Return the listing below unchanged, minus its pictures.

==== COLLECTED DATA ====

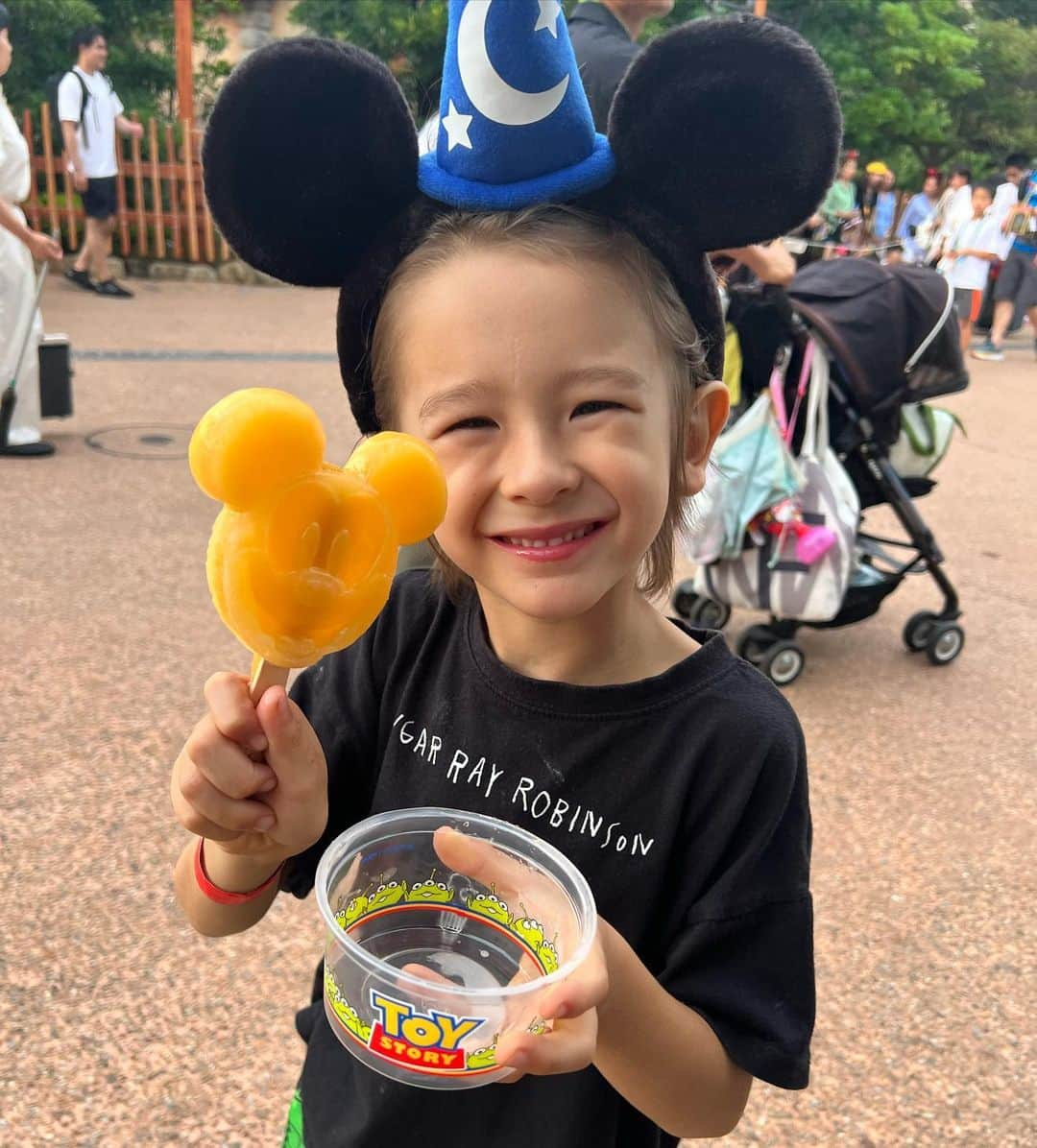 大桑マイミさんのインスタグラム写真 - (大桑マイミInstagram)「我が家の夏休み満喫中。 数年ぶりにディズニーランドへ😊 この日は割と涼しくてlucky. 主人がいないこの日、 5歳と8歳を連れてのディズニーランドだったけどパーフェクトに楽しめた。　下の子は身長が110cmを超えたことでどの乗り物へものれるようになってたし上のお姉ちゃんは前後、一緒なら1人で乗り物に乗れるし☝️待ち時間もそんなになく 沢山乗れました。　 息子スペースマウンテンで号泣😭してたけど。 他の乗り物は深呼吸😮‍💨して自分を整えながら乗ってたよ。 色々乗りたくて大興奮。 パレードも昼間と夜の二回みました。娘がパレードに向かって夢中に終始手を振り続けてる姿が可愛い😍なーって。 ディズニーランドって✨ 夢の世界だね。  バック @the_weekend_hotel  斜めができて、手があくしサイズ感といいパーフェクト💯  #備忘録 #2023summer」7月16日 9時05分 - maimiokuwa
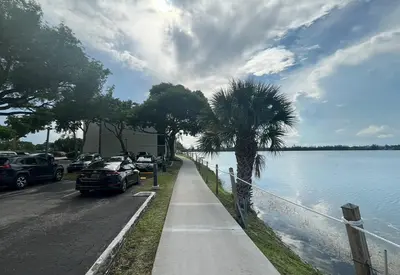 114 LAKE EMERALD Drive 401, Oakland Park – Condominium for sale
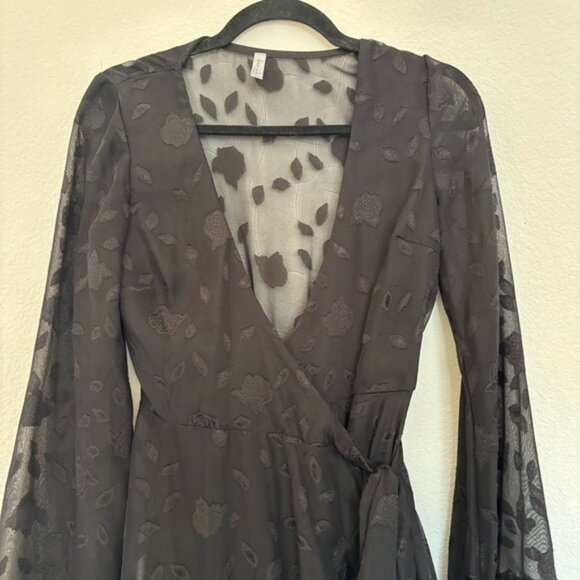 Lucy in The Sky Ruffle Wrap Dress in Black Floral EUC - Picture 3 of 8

====

◆ **REPLY**
 大桑マイミさんのインスタグラム写真 - (大桑マイミInstagram)「我が家の夏休み満喫中。 数年ぶりにディズニーランドへ😊 この日は割と涼しくてlucky. 主人がいないこの日、 5歳と8歳を連れてのディズニーランドだったけどパーフェクトに楽しめた。　下の子は身長が110cmを超えたことでどの乗り物へものれるようになってたし上のお姉ちゃんは前後、一緒なら1人で乗り物に乗れるし☝️待ち時間もそんなになく 沢山乗れました。　 息子スペースマウンテンで号泣😭してたけど。 他の乗り物は深呼吸😮‍💨して自分を整えながら乗ってたよ。 色々乗りたくて大興奮。 パレードも昼間と夜の二回みました。娘がパレードに向かって夢中に終始手を振り続けてる姿が可愛い😍なーって。 ディズニーランドって✨ 夢の世界だね。  バック @the_weekend_hotel  斜めができて、手があくしサイズ感といいパーフェクト💯  #備忘録 #2023summer」7月16日 9時05分 - maimiokuwa
 114 LAKE EMERALD Drive 401, Oakland Park – Condominium for sale
 Lucy in The Sky Ruffle Wrap Dress in Black Floral EUC - Picture 3 of 8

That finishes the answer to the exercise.